Kadın Cinayetlerini Durduracağız Platformu’ndan Tülin Osmanoğulları ve Esra Akın, {siteDomain} ekibine kadın cinayetlerinin haber dilinde nasıl ele alınacağına dair bir eğitim düzenledi. Eğitimde, kadın cinayetlerinin politik bir yönü olduğu ve medyada kullanılan dilin toplumsal etkileri üzerinde duran Osmanoğulları, “Kadın cinayetleri, kadına yönelik şiddet ve çocuk istismarı, patriarkal sistemin ve erkek egemen devlet politikalarının sonuçları olarak ortaya çıkan toplumsal krizlerdir” şeklinde konuştu.
“Aşk cinayeti” haberleri gerçekleri gizliyor!
Tülin Osmanoğulları, kadın cinayetlerinin medyada nasıl yansıtıldığını ve bu durumun toplumsal algıyı nasıl şekillendirdiğini vurguladı. “Kadın cinayetleri, kadına yönelik şiddet ve çocuk istismarı konuları, toplumsal krizlerin bir parçasıdır. Medyanın bu konuları ele alışı toplumsal algıyı şekillendiriyor. Özellikle haberlerdeki ‘aşk cinayeti’, ‘kıskançlık cinayeti’ ve ‘cinnet’ gibi ifadeler, erkek bakış açısını yansıtmakta ve kadın cinayetlerinin politik bir boyutunu gizlemektedir” ifadelerini kullandı.

Medyada kadın cinayetleri
Akın, medyada kadına yönelik şiddet ve kadın cinayetleri ile ilgili haberlerde kullanılan dilin normalleştirici etkisine değinerek, “Medya, kadın cinayetlerini ‘aşk cinayeti’, ‘aldatma’, ‘cinnet’ gibi fail aklayıcı ifadelerle sunarak şiddeti normalleştirmekte; bu tür ifadeler, mağduru suçlayan bir dil kullanılarak gerçek suçlunun gizlenmesine sebep olmaktadır. Sonuç olarak, erkek şiddetinin görünmez olmasına ve devam etmesine zemin hazırlamaktadır. Ayrıca, ‘mağdur kadın’, ‘kurban kadın’ gibi imgeler cinsiyetçi bir söylemi teşvik etmekte ve kadının erkeğe karşı zayıf bir konumda gösterilmesine yol açmaktadır. Cinsiyetler arasındaki eşitsizlik söylemleri ise, erkek şiddetinin toplumsal boyutunu göz ardı eden son derece sorunlu bir dildir” dedi.

Çözüm odaklı haber dili için neler yapılmalı?
Osmanoğulları, basında kullanılabilecek dil konusunda önerilerde bulunarak, “Failin sorumluluğunu açıkça belirtmek, mağduru suçlayıcı ifadelere yer vermemek, politik bağlamı vurgulamak ve sansasyonel fotoğraflardan kaçınmak gibi basit ama etkili adımlarla kadınların yaşam hakkını temele alan bir medya dili oluşturulmalıdır.

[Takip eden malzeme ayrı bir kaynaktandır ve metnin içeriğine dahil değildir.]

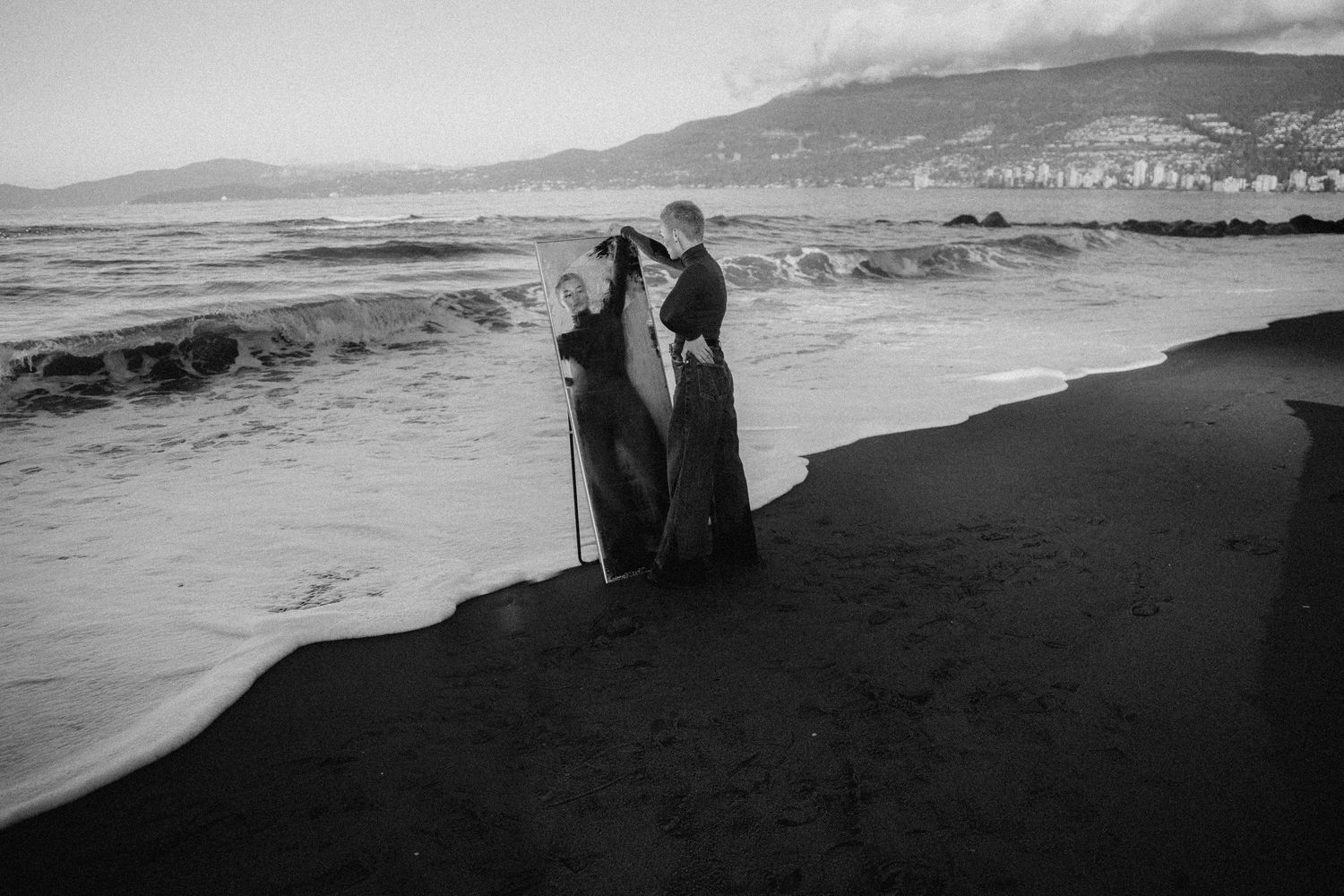 Two silhouettes stand together on a black sand beach with waves and mountains in the distance, captured in black and white.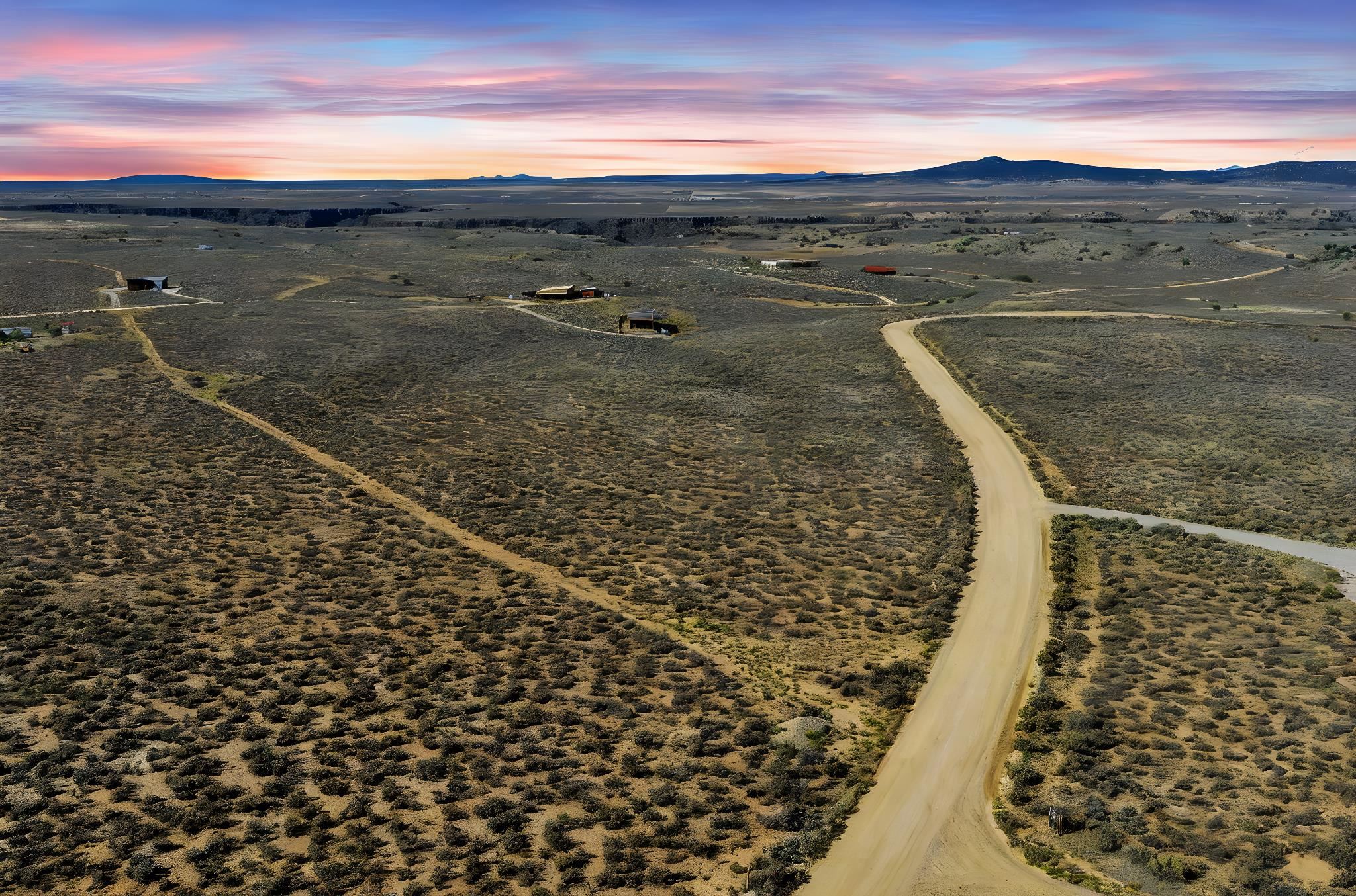 Aerial view of scrubland acreage with a winding dirt road and distant mountains at dusk.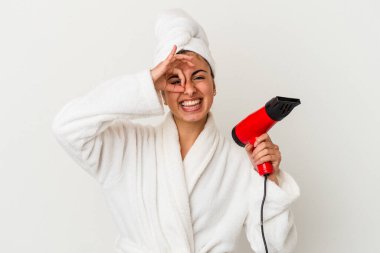 Beyaz tenli beyaz bir kadın elinde saç kurutma makinesi tutuyor. Heyecanlı. Göze göz hareketi yapıyor..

Tüm medya kuruluşları kadın çalışanların istihdamını artırmalı ve bu alanla ilgili eğitimler vermelidir. Şiddet haberlerinde, kadınların başvurabileceği kişi, kurum ve kuruluşların iletişim bilgileriyle ilgili yasa ve yönetmelikler de hatırlatılmalıdır. Ayrıca, haberin kaynağının önemi göz önünde bulundurularak, uzmanların ve kadın örgütlerinin görüşlerine mutlaka yer verilmelidir” şeklinde konuştu.